Other characteristic symptoms are:

  • Chills and fever.
  • Nausea or vomiting
  • Symptoms characteristic of flu.
  • Blisters – vesicles, which may be very fine and have only a crust without contents, or large ones filled with a clear fluid, and when removed, the underlying skin is red and irritated.< /strong>
  • The skin begins to change about a week after the burn as the old “burnt” skin peels off and is replaced by new.

Treatment of sunburn

To relieve pain and discomfort after sunburn, you can do the following:

  • Apply cool compresses to the sunburned skin.
  • Treat the affected skin with aloe vera creams or gels that have soothing action for irritated areas.
  • Take cold baths, but not ice baths. Do not put bath salts, essential oils or perfumes in the bath as this can further irritate the skin. Do not rub or shave the skin. Dry your skin gently using soft towels.
  • Stay out of the sun until the burn is gone.
  • Keep hydrated of the body by drinking enough fluids.

How to protect ourselves?

To ensure optimal protection against sunburn and enjoy the benefits in the sunlight without risks to your health, additional measures and attention are needed.

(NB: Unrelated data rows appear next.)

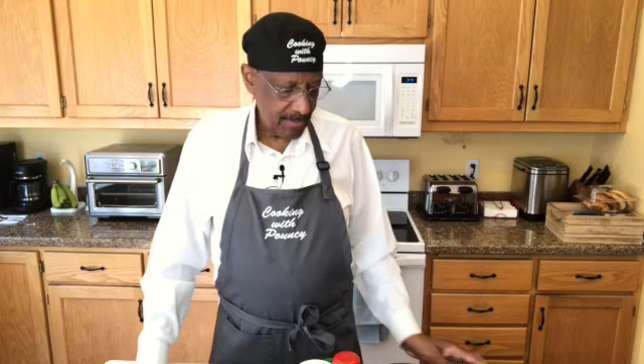Welcome, or welcome back, to Cooking with Pouncey. Thank you so much for tuning in to my channel, and if you stumbled into it, thank you for stumbling onto it. Thank you again.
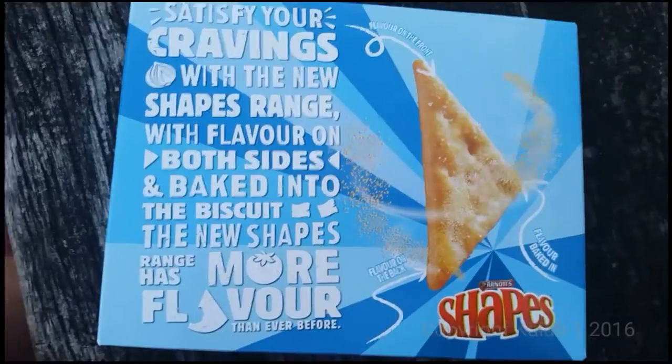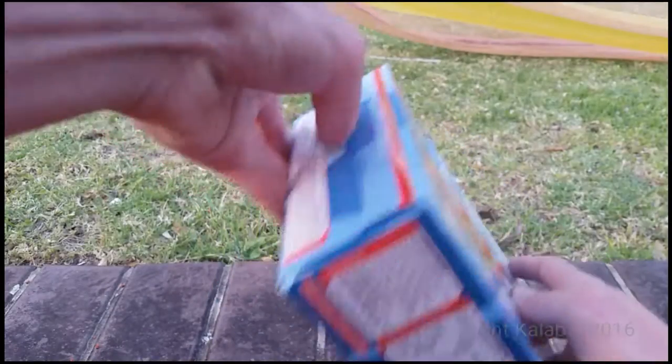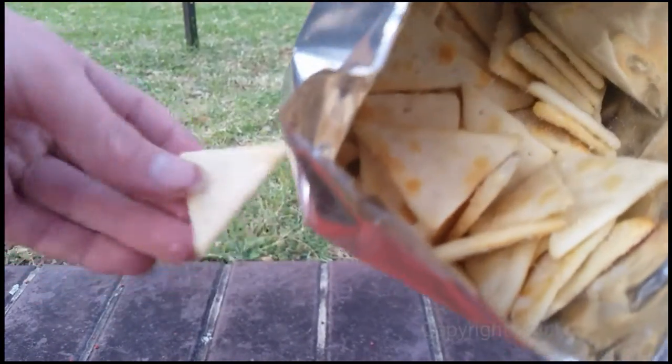Let's get these open and see how they taste. It's time to open these up — there's the box. Let's open this up. Looking pretty nice — triangle shapes, which is pretty nice.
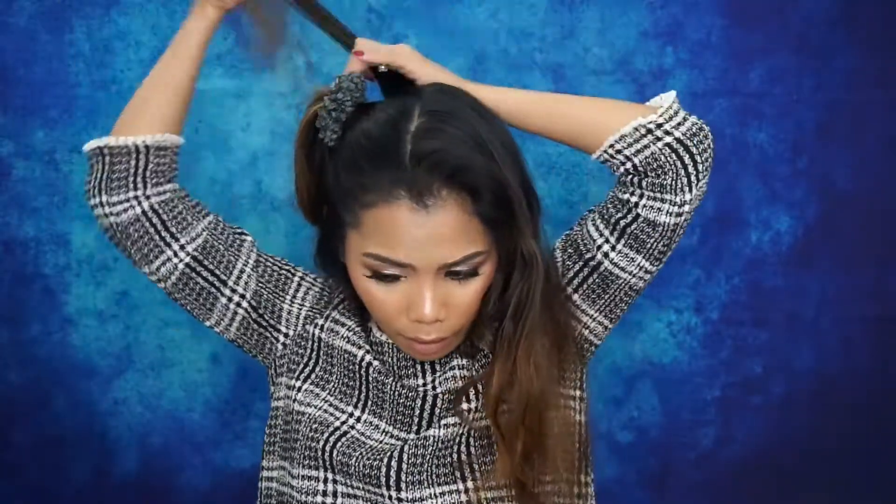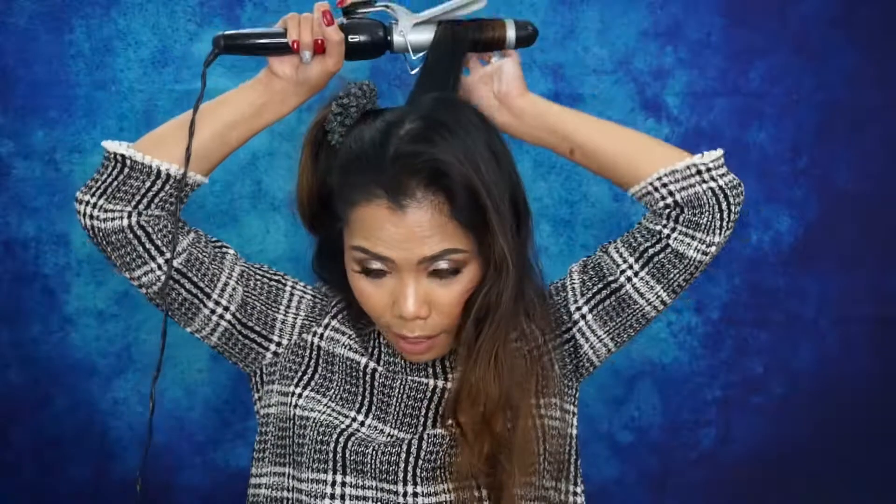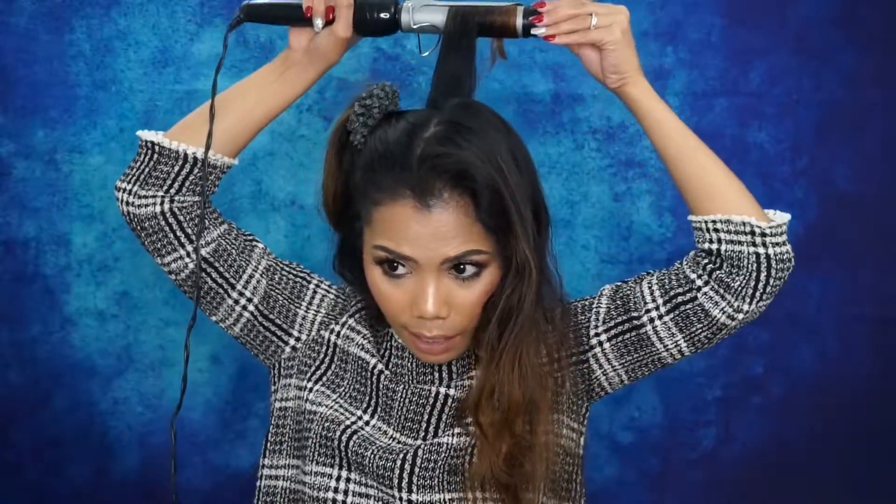Now I'm sectioning this part in the back. I'm dancing and singing because I'm by myself — why not! For the back, I take my curling iron and do the same thing, going in that direction since this hair sits at my back. I hold it for about five seconds and this is how it looks.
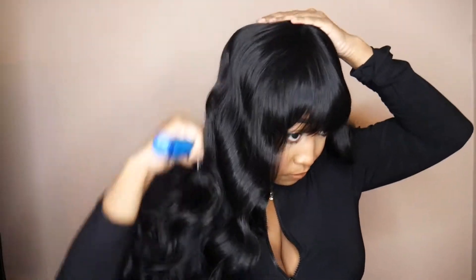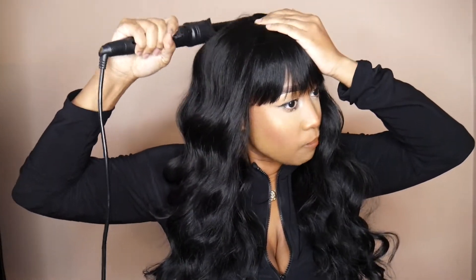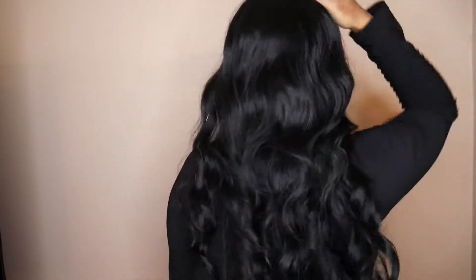Thank you for listening. Let's jump straight into the details of this hair. This hair is from Bobbi Boss and her name is Masha, and I have her in color number 1B.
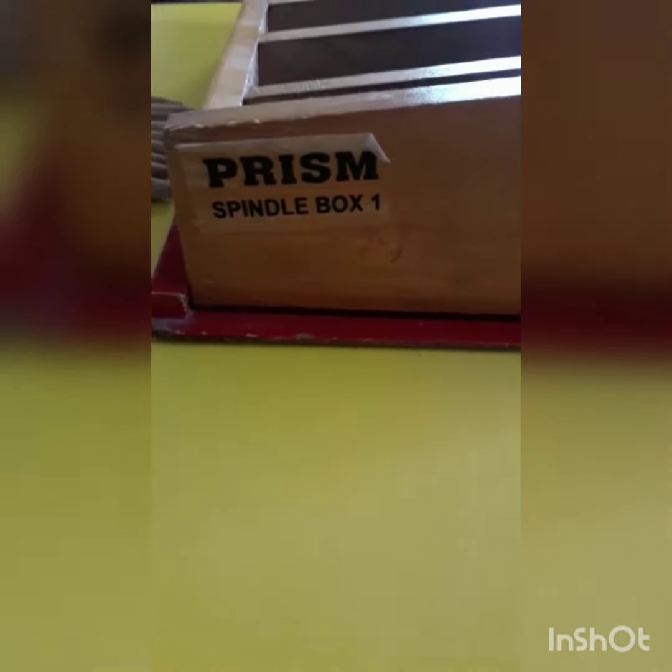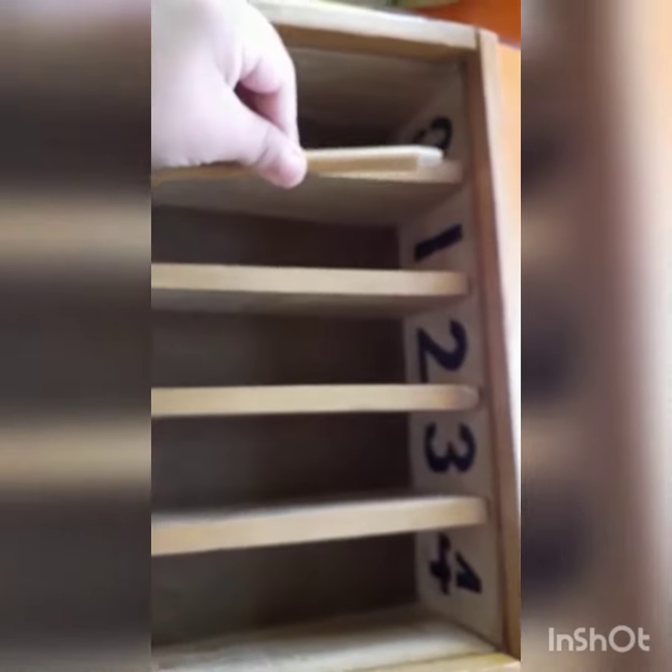Now we are going to start apparatus. The name of this apparatus is spindle box. These are numbers in this box: zero, one, two, three, four. We will put spindles.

Exposure of the skin to the sun has many benefits, stimulating the synthesis of vitamin D, which is important for bone health and the immune system.

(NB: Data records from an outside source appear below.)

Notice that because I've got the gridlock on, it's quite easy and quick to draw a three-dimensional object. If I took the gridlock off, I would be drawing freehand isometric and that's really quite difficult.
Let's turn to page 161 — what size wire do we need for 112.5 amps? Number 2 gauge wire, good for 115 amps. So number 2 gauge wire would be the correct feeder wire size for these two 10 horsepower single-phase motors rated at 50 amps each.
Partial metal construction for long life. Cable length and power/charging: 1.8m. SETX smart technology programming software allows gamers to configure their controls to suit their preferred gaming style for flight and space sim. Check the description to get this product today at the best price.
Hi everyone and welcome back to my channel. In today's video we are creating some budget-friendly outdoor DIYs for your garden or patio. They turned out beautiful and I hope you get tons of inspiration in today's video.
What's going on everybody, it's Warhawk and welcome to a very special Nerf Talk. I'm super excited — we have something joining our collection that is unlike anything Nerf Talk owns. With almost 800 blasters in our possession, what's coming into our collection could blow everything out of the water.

However, improper or excessive exposure to ultraviolet (UV) radiation can cause skin burns and DNA damage, which increases the risk of various types of skin problems, including skin cancer.

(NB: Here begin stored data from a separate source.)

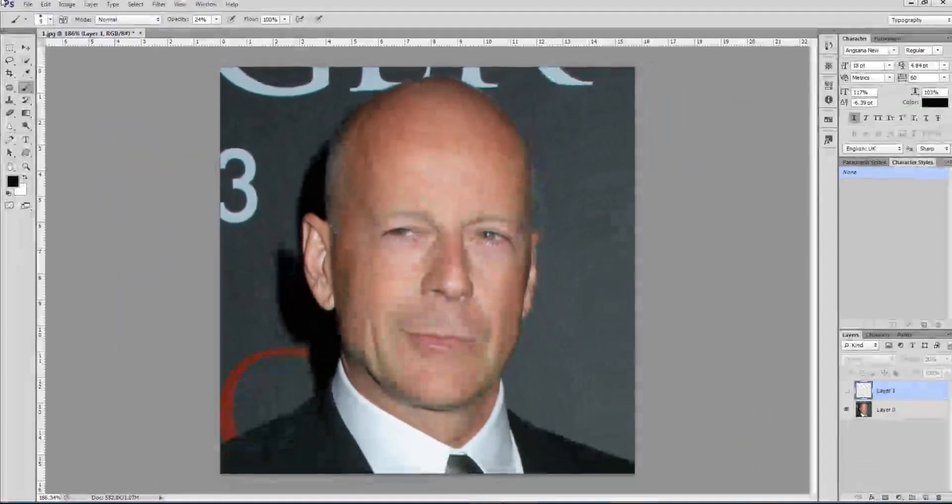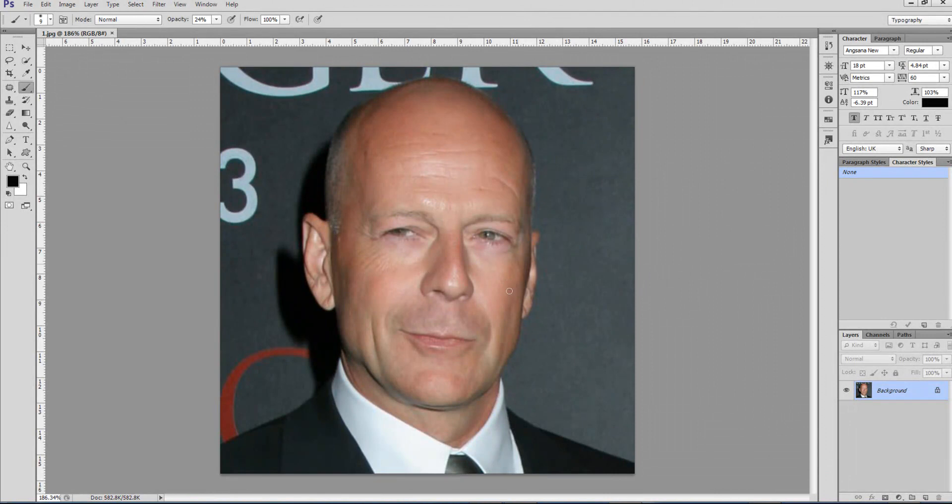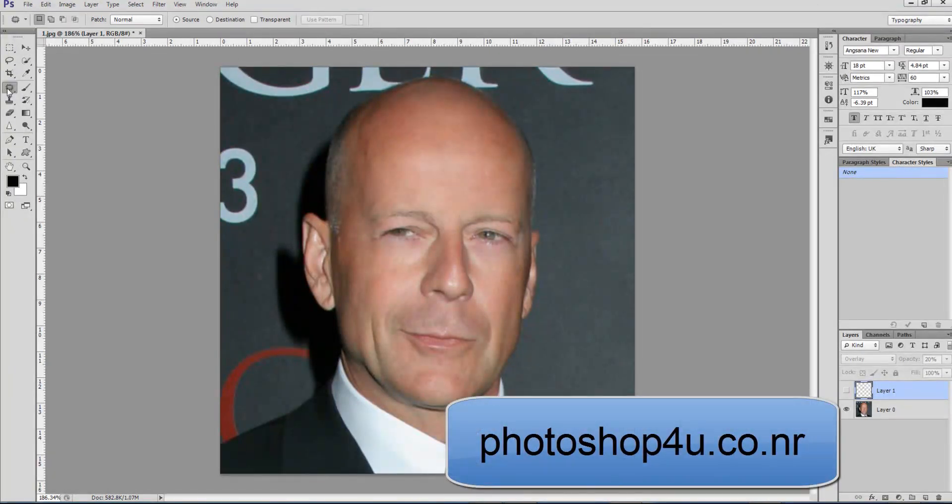We just retouched Bruce Willis' face and I think it looks good. Here's the before — you can see a lot of wrinkles in the forehead and below the eyes — and this is after. Thank you for watching. If you have any comments, paste them below. If you want more cool Photoshop stuff — tools, brushes, whatever — you can always go to our website, Photoshop For You dot co dot nr. Until next time, bye!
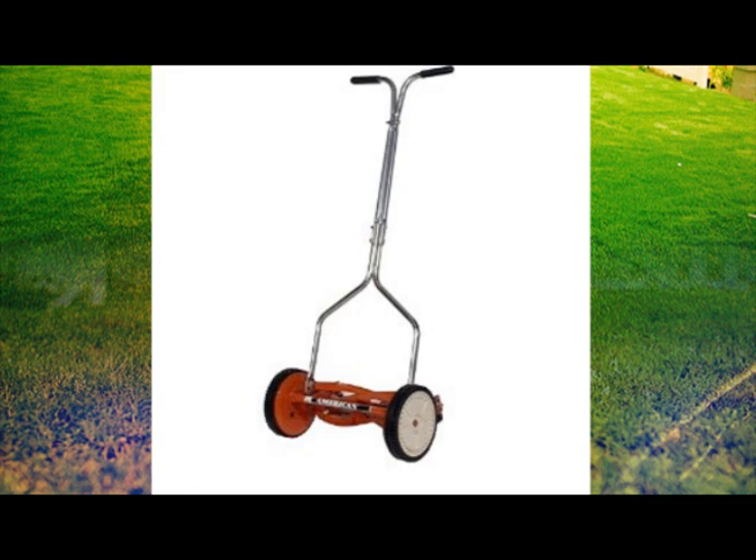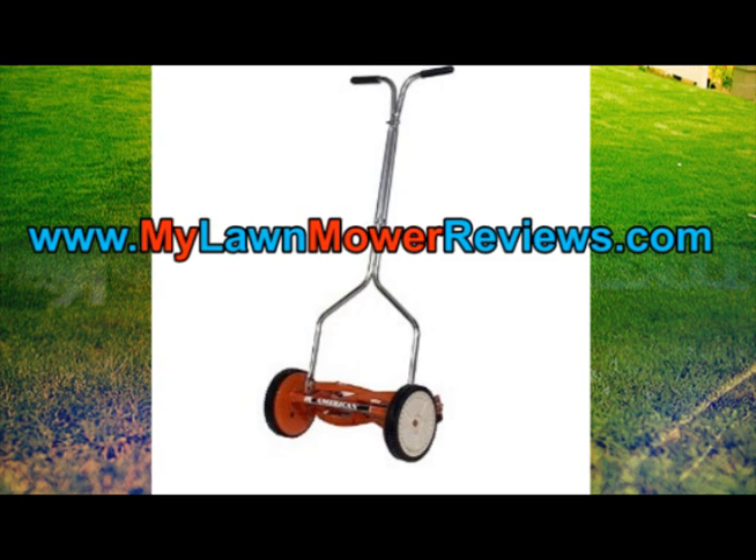Thank you for watching our short video. For full product reviews, please visit us at www.mylawnmowerreviews.com.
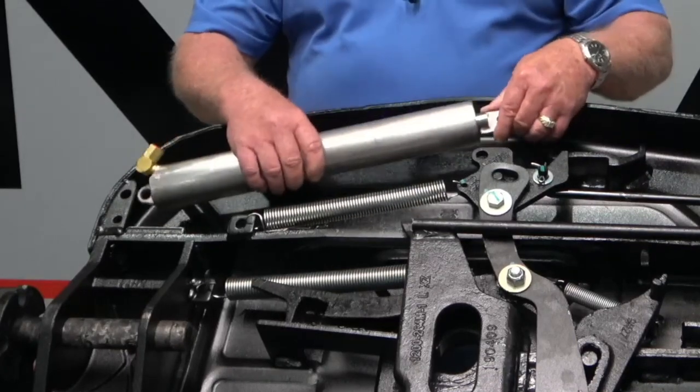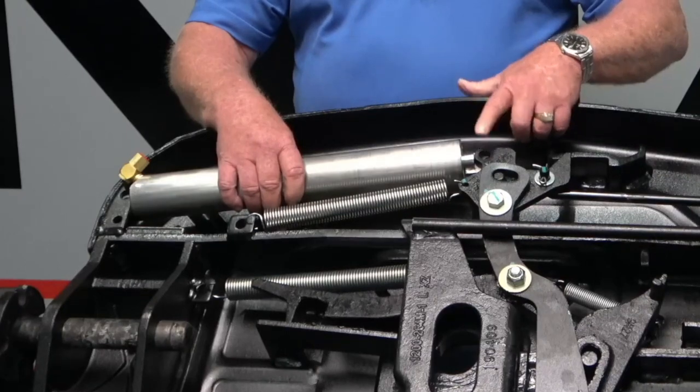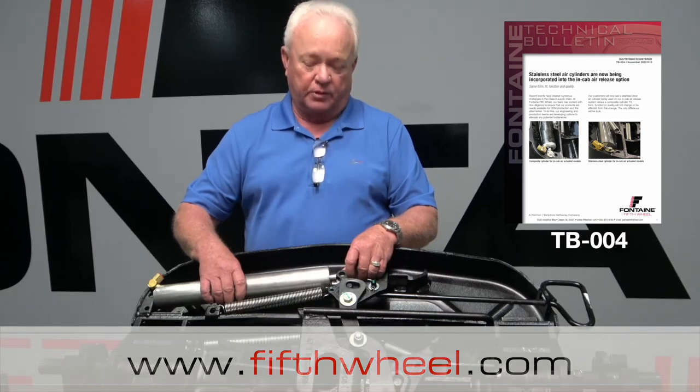Proper installation should be underneath both sides. Your pin comes through, your washer and cotter pin. For more information go to TB-0004-TechBulletins.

To protect yourself from sunburn and its associated risks, it is recommended to follow a few important guidelines:

  1. Avoid intense sunlight: The best strategy to prevent sunburn is to limit your exposure to the sun, especially during peak hours between 10 a.m. and 4 p.m., when ultraviolet radiation is the strongest. This approach will help reduce the possibility of burning and skin damage.
  2. Protect yourself with appropriate clothing and accessories: Wearing wide-brimmed hats, long-sleeved shirts, and long pants can provide additional physical protection to the skin against harmful UV rays. Also, using sunglasses with UV protection can help protect your eyes from damage.
  3. Use sunscreen: Applying sunscreen before sun exposure is key to protecting your skin. Choose a cream with a high protection factor (SPF), preferably over 30, and make sure the product provides protection against both UVA and UVB rays. Constant application of the cream is important, especially after sweating or contact with water.
  4. Apply cream evenly and generously: To ensure effective protection, apply sunscreen evenly and generously to the skin. Don’t forget sensitive areas like ears, neck, upper legs and sternum.
  5. Avoid tanning beds: UV radiation from tanning beds can also cause skin damage and an increased risk of skin cancer. If possible, avoid using tanning beds and prefer natural sunlight.

By following these tips, you will be able to enjoy the benefits of sunlight while at the same time protecting your skin from the harmful effects of burning and damage.

Remember that proper skin care on sunny days will not only improve your skin’s health, but also help you keep it looking youthful for a long time.